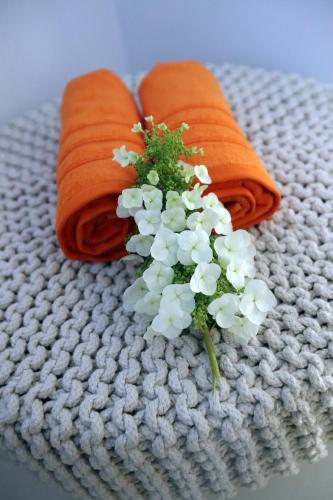 two orange towels and a bouquet of flowers on a towel at B&B PETIT PRINCE, GENT in Ghent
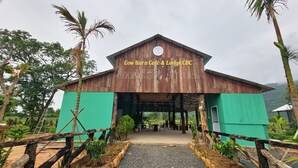 A rustic building labeled 'Cow Barn Café & Lodge CBC' with a covered entrance and outdoor seating area.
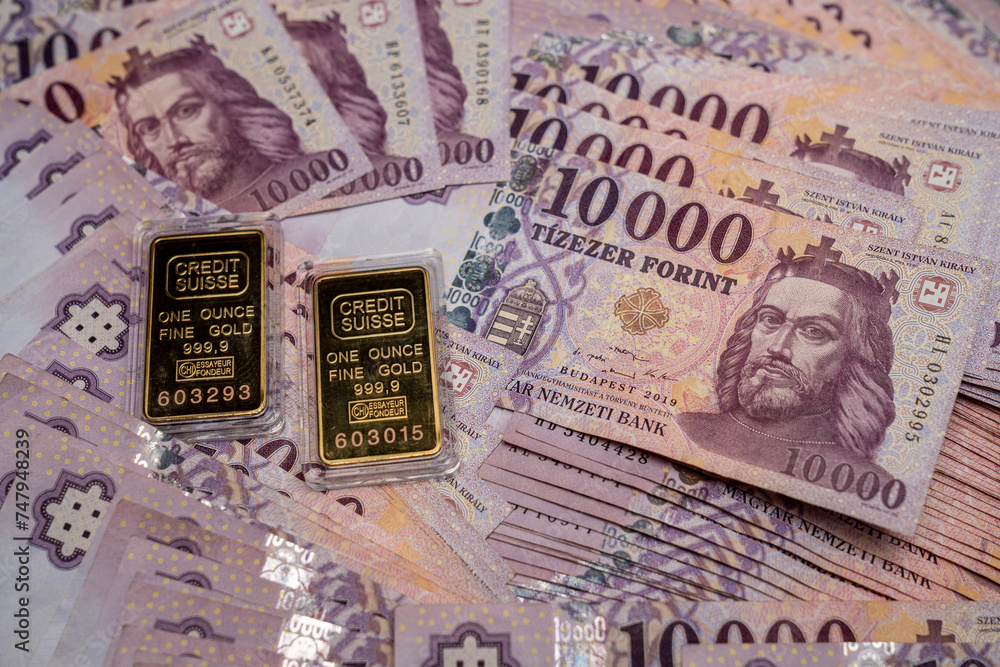 The Hungarian 10,000 forint banknotes are scattered and spread out on the table. With gold bars next to it. Large denominations, Inflation and financial situation in Hungary.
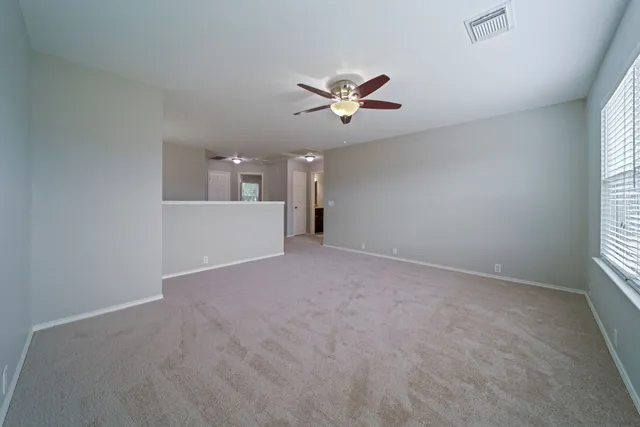 a view of a big room with carpet
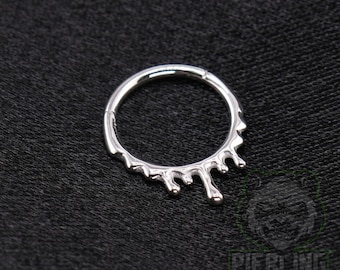 May include: A silver-coloured circular hoop ring featuring a decorative drip design along the bottom half. The metal surface is smooth and reflective, with a hinged segment visible on the left side of the hoop, creating a continuous circular shape.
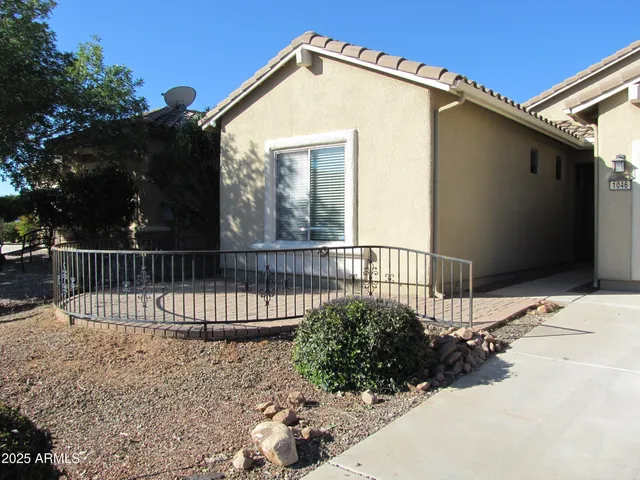 a view of a house with a small yard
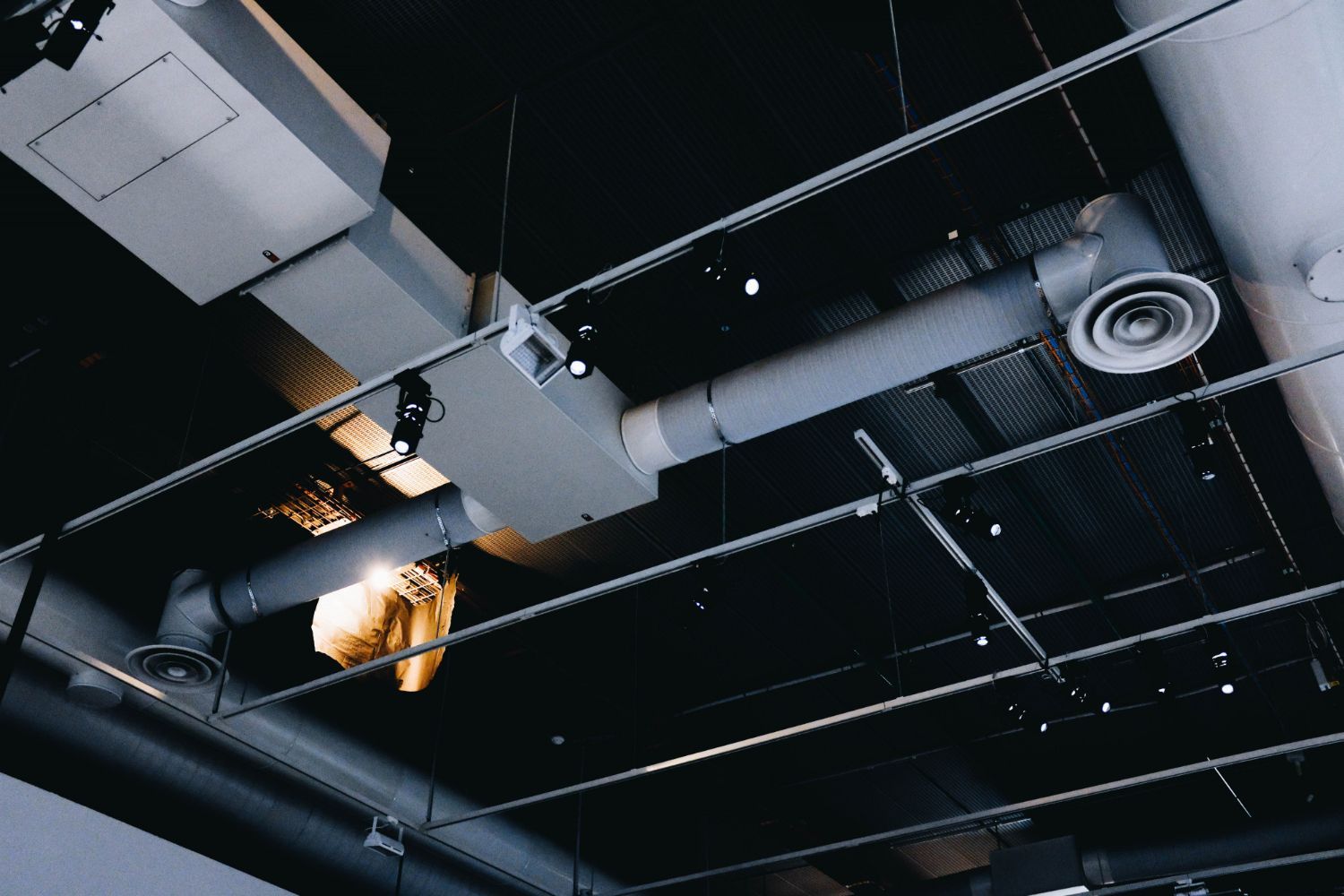 A ceiling with a lot of pipes hanging from it.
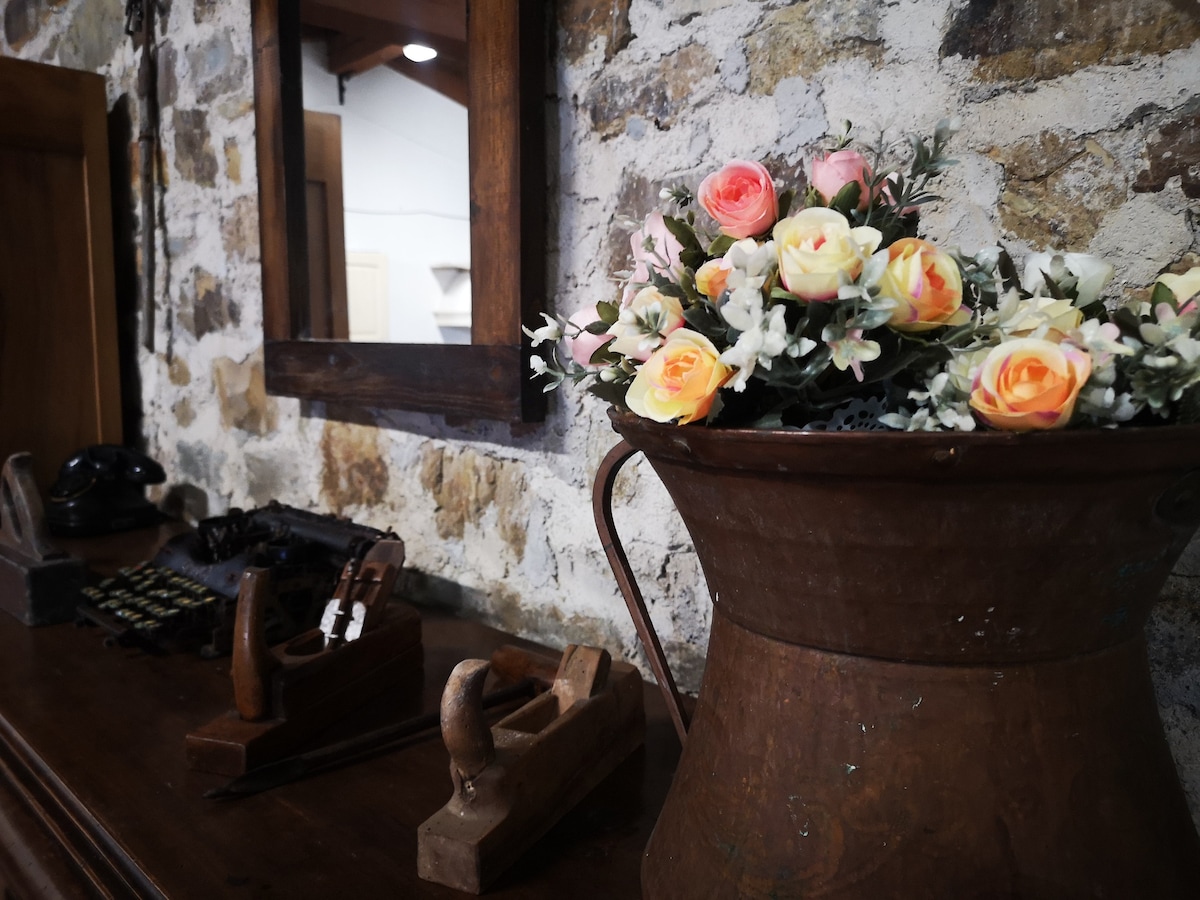 A rustic decor arrangement features a vintage metal pitcher filled with artificial roses and greenery. A mirror reflects the stone wall, while wooden tools and an old-fashioned typewriter are showcased on a solid wooden surface.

- **Exercise requirements**
Reproduce the records exactly, starting with their first line and ending with the line that contains "A rustic building", though pictures should be dropped.

- **Solution**
 two orange towels and a bouquet of flowers on a towel at B&B PETIT PRINCE, GENT in Ghent
 A rustic building labeled 'Cow Barn Café & Lodge CBC' with a covered entrance and outdoor seating area.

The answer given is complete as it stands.